第五章 マツにご注意

第14話 食堂にて


「こちらが、食堂でございます」


 メイドが綺麗な所作で、扉に手を差し出す。

 ドアの上に「食堂」と札がかかっている。


「ありがとうございます」


 ドアの中から、ざわざわと声が聞こえる。

 ちょうど昼時。中に大勢いるようだ。


 ドアを開けると、長いテーブルに何人も座っており、それぞれ様々な食事を食べながら、わいわいと騒いでいる。
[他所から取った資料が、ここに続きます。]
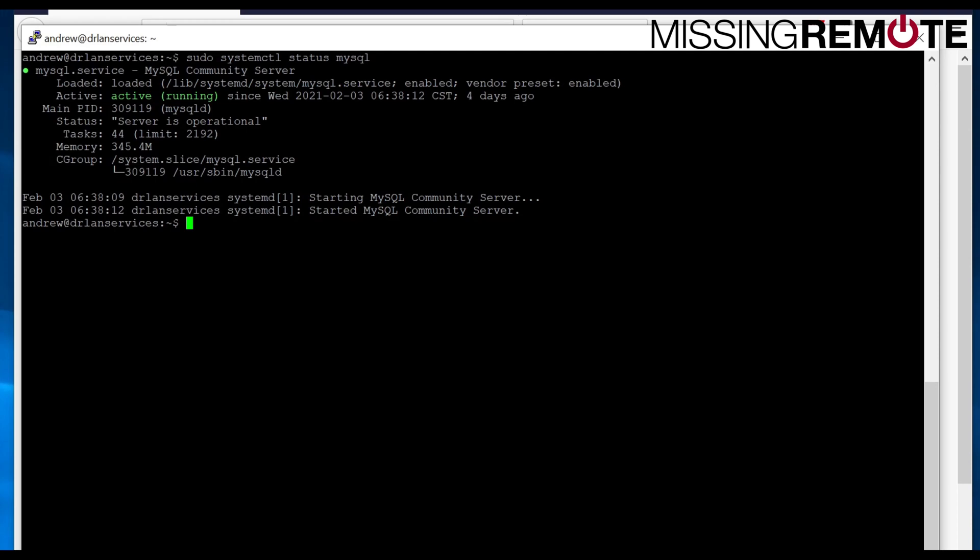Hello, this is Andrew with Missing Remote. This is going to be a walkthrough around how to set up Monit, which is a service that monitors other services and restarts them on Linux. In this case, I'm going to be using Ubuntu 20.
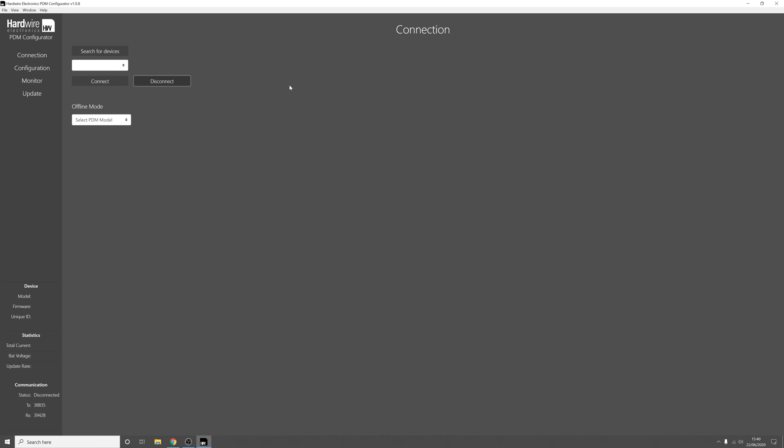You can then plug in your PDM with the USB, press search for devices and then connect. Now this PDM is already on the latest firmware but if yours isn't you'll get a pop-up telling you that the firmware and software don't match.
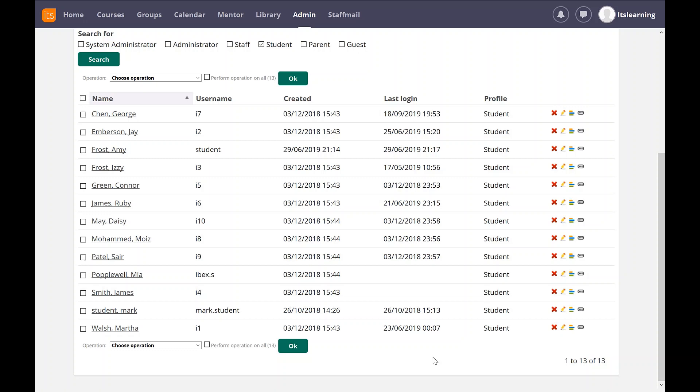In this case, I've listed here some of my students in my test building, and we're going to set up a parent for James Smith. And if you have a look here, James's username is i4, and that's going to be important for when we test it later.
「随分と賑わっていますね。いつもこんな感じなんですか」


 ドアの中にいたメイドが、2人に話しかけてきた。


「先程、オオタ様より訓示があったそうです。なんでも、今回のトミヤス様の試合、国王陛下もご覧になられる、いわゆる御前試合になりますとか。それで、皆様方、かなり気合が入っておられるようで」


「はは、マサヒデさん。これはとんでもないことになりましたね」


 それは自分達で伝えたのだが・・・

 アルマダは、ぽんぽん、とマサヒデの背を叩き、にやにやしている。


「さ、お二方。席へご案内します」


「お願いします」


 後ろに食堂まで案内してくれたメイドが続き、2人は席についた。

 2人の横に、それぞれメイドが立つ。


「こちら、メニューになっております。お好きなものをお選び下さいませ」


 す、とマサヒデとアルマダの前に、メニューが出される。

 マサヒデには、分からない物が多い。


「うーん・・・?」


「マサヒデさん。ここはお任せしましょうか?」


「すみません、私には、どんなものだかサッパリな物が多くて」


 アルマダは顔を上げ、


「では、お二人で見繕って頂けますか。先程、思いっきり動きましたので、精の付きそうなもので。白米もつけてもらって、米が進みそうなものをお願いします。飲み物はアルコールなしで、さっぱりしたものでお願いします」


「承りました。少々お待ち下さいませ」


 メイドはカウンターの方へ歩いていった。


「アルマダさん。先程の立ち会いですが」


「なんでしょう」


「一本目、取られましたね」


「はは、あれは運が良かった。読みが当たりましたよ」


「あれが真剣勝負であったなら、二本目はありません。今回は負けましたよ」


「真剣勝負だったら、どうだったでしょうか。木刀だったので、最後、私は止められましたが・・・武器の差でおそらく私は斬られていましたね」


「武器の差、ですか」


「そういう所も、実力のうちですよ」


「そう、でしょうか」


「そうですね。それと、三本目の足薙ぎ。マサヒデさん、まだ気になさっていますね?」


「む・・・」


「マサヒデさん。トミヤス流は、何より実戦で勝つことが一番とされている流儀です。だから、飛び道具も含め、様々な武器も教えています。他の流派では禁じ手とされていたり、避けられていたりする手もです。それが、どんな手であっても、どんな手を使っても」


「そうです」


「・・・『どんな手を使っても』。最近、よく聞く言葉ですよね」


「あ!」


「きっと、カゲミツ様がマサヒデさんをこの祭に参加させたのも、ここにあったのではないでしょうか」


「そうか、そういうことだったのか」


「まあ、私は、そうではないか、と思うだけですが」


「いや。得心がいきました。この祭で勝っていくことが、トミヤス流の掲げる『実戦流派』の証。そうか・・・」


「私も、気付くのに少し時間がかかりましたが」


「・・・父上らしいというか・・・最初から言ってくれれば、素直に参加したのに」


「実は私も、これをお伝えするつもりはなかったんです。ただ、あまり先程の手を気になさっているようでしたから」


「アルマダさん、私、目が覚めた気分です。やはり、まだまだ修行不足ですね」


「ふふふ、元気が出たみたいで良かった。もちろん、私の勘違いとか、他にも理由があったりとかするかもしれませんが」


「いえ、助かりました。何か、私の中のわだかまりが解けました」


 メイドが食事を持ってきた。


 分厚い肉だ。鉄板に乗っていて、じわじわと音を立てている。

 切り目が入っているのは、箸で切りやすいように、だろうか。

 その切り目に、上にかかっているソースが垂れ込んでいて、しっかり味が染みてそうだ。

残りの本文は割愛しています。